Class overview
- Name: Type 1942 destroyer
- Builders: Deschimag
- Operators: Kriegsmarine
- Preceded by: Type 1936C destroyer
- Built: 1943–1944
- Planned: 1
- Lost: 1

General characteristics
- Type: Destroyer
- Displacement: 2,014 tonnes (1,982 long tons; 2,220 short tons) (standard load); 2,330 tonnes (2,290 long tons; 2,570 short tons) (design load); 2,720 tonnes (2,680 long tons; 3,000 short tons) (full load);
- Length: 108 meters (354 ft) (waterline); 114.3 meters (375 ft) (overall);
- Beam: 11 meters (36 ft)
- Draught: 3.72 meters (12.2 ft) (standard load); 3.98 meters (13.1 ft) (design load); 4.37 meters (14.3 ft) (full load);
- Installed power: 57,000 electric horsepower (43,000 kW)
- Propulsion: 6 x two-stroke, 24-cylinder diesel engines; 3 x shafts;
- Speed: 36 knots (67 km/h; 41 mph) (top speed); 19 knots (35 km/h; 22 mph) (cruising speed);
- Range: 5,500 nautical miles (10,200 km; 6,300 mi) at 19 knots (35 km/h; 22 mph)
- Boats & landing craft carried: 1 x Motor pinnace; 1 x Torpedo cutter;
- Complement: 12 officers and 335 enlisted
- Armament: 4 x 12.7-centimeter (5.0 in) QF guns (720 rounds of ammunition); 8 x 3.7-centimeter (1.5 in) AA guns (16,000 rounds); 12 x 2-centimeter (0.8 in) AA guns (24,000 rounds); 2 x triple 53.3-centimeter (21.0 in) torpedo tubes (18 rounds); 50 mines;

= German destroyer Z51 =

Destroyer ship

Z51 was the only ship of the Type 1942 destroyer class built for the Kriegsmarine. She was the only destroyer built by the Kriegsmarine to use diesel fuel, which would have given it a longer range and readier access to refueling compared to fuel oil. The Type 1942 destroyer class went through a long period of development, including four total designs. Z51 was ordered on 25 November 1942, and launched on 2 October 1944, far before being finished, likely to clear her slipway for U-boat construction. She was left floating outside Bremen and was sunk in an air raid on 21 March 1945. Germany attempted to communicate the plans for the Type 1942 destroyer to its ally the Empire of Japan using a submarine, U-234, however Germany surrendered before the submarine reached Japan. Z51 was broken up between 1948 and 1949.

==Background==
===Interbellum===
Following the end of World War I Germany signed the Treaty of Versailles, which put strict limits both on the size and displacement of warships that she could possess. During the Interwar period, the period between the first and second world wars, the average size of Allied ships and their armaments in almost all warship categories grew substantially. As a result of the treaty, Germany felt that her ships could not compete with those of the Allied navies and began to ignore the treaty, at first covertly, and later openly after Adolf Hitler, the Führer (leader) of Nazi Germany, publicly denounced it in March 1935. The displacements of all German ships at the time were purposefully understated to have their official sizes comply with the treaty. At first, changes to German destroyers were made with the goal of being able to contain French and Polish destroyers, effectively making the destroyers double as small cruisers. This was exemplified by the jump in the displacement of the Type 1934 destroyers from 1,100 t as planned in 1932 to 1,625 t when contracted. While these changes were made in order to allow them to overpower their French and Polish counterparts, which displaced 1,378 t and 1,540 t respectively, later it was necessary that these destroyers be able to match British destroyers, a much more difficult goal.
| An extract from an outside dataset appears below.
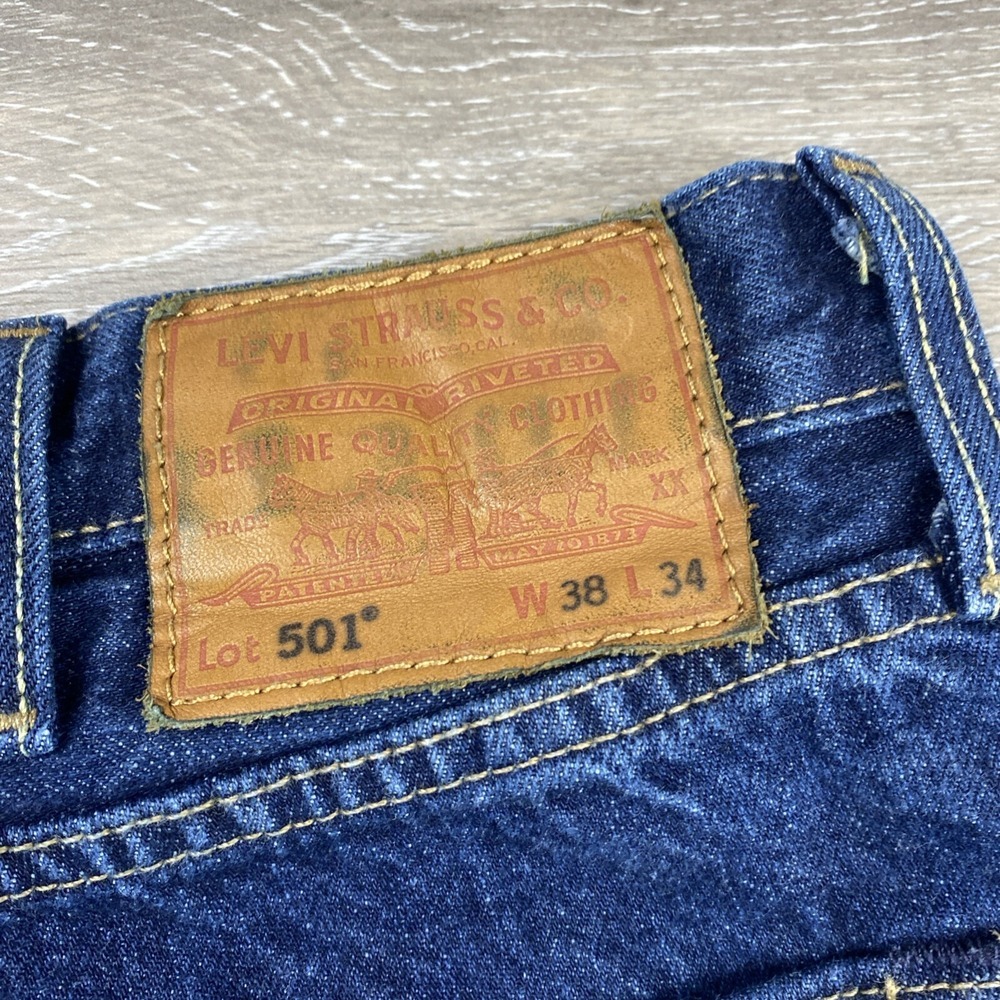 Levi's 501 Straight Leg Jeans Mens Size 38X34 Blue Denim Dark Wash Leather Patch - Picture 16 of 16
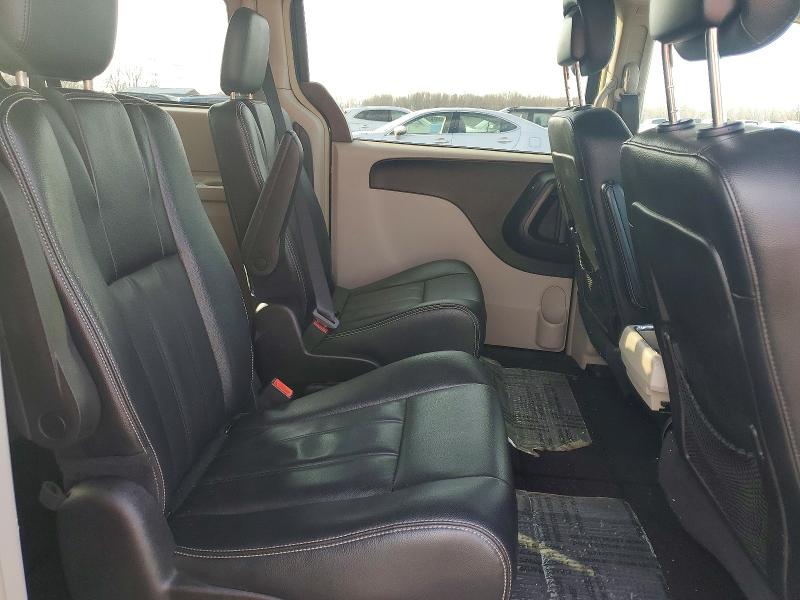79195425 :رقم المزاد ، 2C4RC1BG5GR280609 vin ، 2016 Chrysler Town & Country مزاد بيع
Due to the comparatively small number of German shipyards, compared to the British or French, Germany adopted a policy of heavily arming her destroyers to compensate for their low numbers, so that they bore similar armament to French and Polish light cruisers. Several negative consequences resulted from this, such as making them slower and overweight. Although German heavy destroyers matched British light cruisers in armament, they were much less seaworthy and their fire control was inferior.

===Plan Z===
Plan Z was a German naval rearmament plan that started in 1939, and involved building ten battleships, four aircraft carriers, twelve battlecruisers, three pocket battleships, five heavy cruisers, forty-four light cruisers, sixty-eight destroyers, and 249 submarines. These ships were to form two battle fleets: a "Home Fleet" to tie down the British war fleet in the North Sea, and a "Raiding Fleet" to wage war upon British convoys. Erich Raeder, the Grand Admiral of the Kriegsmarine, was assured by Hitler that war would not start until at least 1945. Raeder had wanted the deadline for the completion of Plan Z to be extended to 1948, but Hitler insisted on 1945, although Hitler privately wanted to be at war with the Anglo-French alliance by 1942. World War II began in 1939, meaning that very few of Germany's heavy ships would be finished at that point. Germany's main naval opponents were France and England. Compared to the number of ships Germany had upon entry into the war (in parentheses) the two countries had combined totals of: 22 battleships (two), seven carriers (none), 22 heavy cruisers (four), 61 light cruisers (six), 255 destroyers (34), 135 submarines (57, of which less than half could actually serve in the Atlantic or the North Sea). Due to the clear advantage her enemies had, Raeder remarked that the Kriegsmarine could not hope to win, and thus the only course for them was to "die valiantly".

===Destroyer function===
The function of the destroyer was defined by its evolution: around the 1870s, nations that could not directly threaten the British Royal Navy began to invest in torpedo boats, small and agile ships which used their torpedoes to deliver enough damage to pose a tactical issue to enemy fleets. Near the turn of the 20th century, British and German torpedo boats grew in size to the point of creating a separate line of sea-going torpedo craft, "torpedo boat destroyers", or simply destroyers, designed in part to counter torpedo boats themselves. Experience in World War I showed that destroyers very rarely engaged capital ships, but more often fought other destroyers and submarines; because of this, destroyers were partially re-focused towards escort and anti-submarine services. During the war, they were used as "maids of all work", fulfilling virtually every role to some degree, and, unlike capital ships, which rarely left port during the war, served in numerous operations. By the end of the war, destroyers were perceived as one of the most useful classes of ships.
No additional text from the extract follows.